EXERCISE OBJECTIVE: Lines to restate from the data below: from the one containing "House in Port" to the one containing "55715 State Highway 11, Warroad, MN 56763", both included. Give them again exactly, and only them.

RECORDS FOR THE EXERCISE:
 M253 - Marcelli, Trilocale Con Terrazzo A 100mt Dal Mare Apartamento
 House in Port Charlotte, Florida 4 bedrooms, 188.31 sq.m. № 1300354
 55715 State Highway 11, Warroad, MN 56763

--

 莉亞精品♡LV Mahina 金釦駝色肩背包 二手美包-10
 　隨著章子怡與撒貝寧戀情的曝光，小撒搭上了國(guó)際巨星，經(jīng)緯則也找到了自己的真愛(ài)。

TASK SOLUTION:
 House in Port Charlotte, Florida 4 bedrooms, 188.31 sq.m. № 1300354
 55715 State Highway 11, Warroad, MN 56763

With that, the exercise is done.